# Burrowing/holes in wood flooring?



## tristan_2012 (Jun 15, 2012)

Hi everyone, hope someone might lend me a hand here.

I'm in a condo high-rise on a high floor. My unit has what I thought was laminate flooring, but it may be engineered hardwood (I bought resale so I don't know for sure). 

For a short while I saw a few beetles and larvae hanging around my home. I was pretty sure they were black carpet beetles and their larvae from looking at pictures. I followed instructions I found online -- checked everything, vacuumed everything in sight, and so on. Also sprayed Ortho Home Defense Max where I saw the beetles (behind bookcases), as well as along my baseboards. For a few days, have been finding dead bodies here and there -- both beetles and larvae.
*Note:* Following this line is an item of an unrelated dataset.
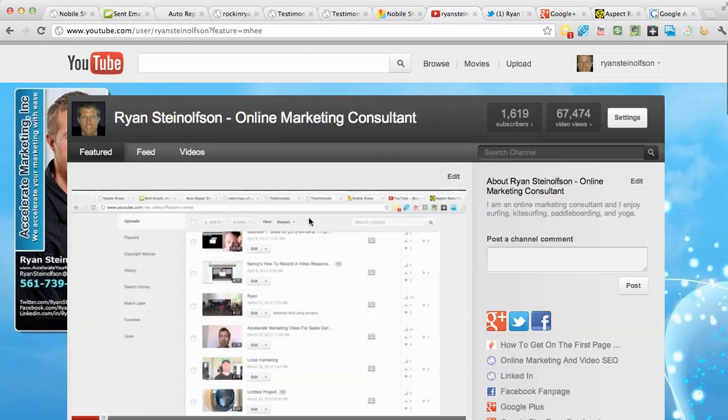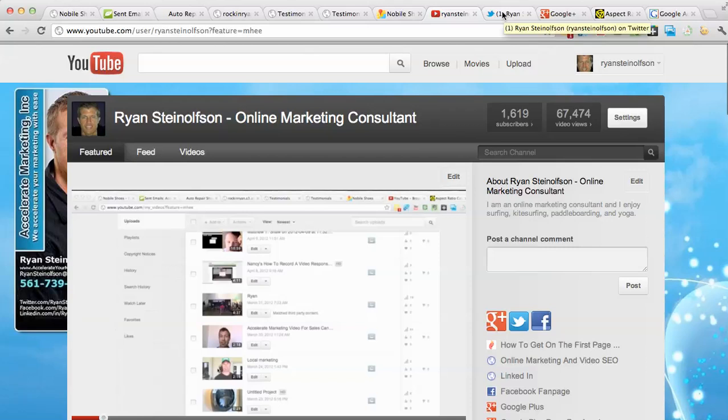So it's important that when you create videos that you use the entire space. I hope this helps. Let me know if you have any questions, please rate and comment on this video. Thanks and make it a great day. Bye-bye.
Thought things were looking up but now I'm concerned that something might be eating/burrowing into my floors. I've noticed some holes in the floor...some are deep, some look only like blemishes on the surface. Some holes are solo, some are clustered They don't seem to consistently go with or against the grain. 

So back to online research....looks like things going into the wood, rather than coming out of it....so now I'm wondering if perhaps I have larder beetles, whose larvae apparently burrow into stuff to hatch? 

Do the holes in the pictures (http://flic.kr/s/aHsjzSGQv4) look like that might be the case? Or am I facing something else? 

I'm pretty sure these holes haven't always been there. And there are many of them throughout my floors. 

Many thanks

T.


----------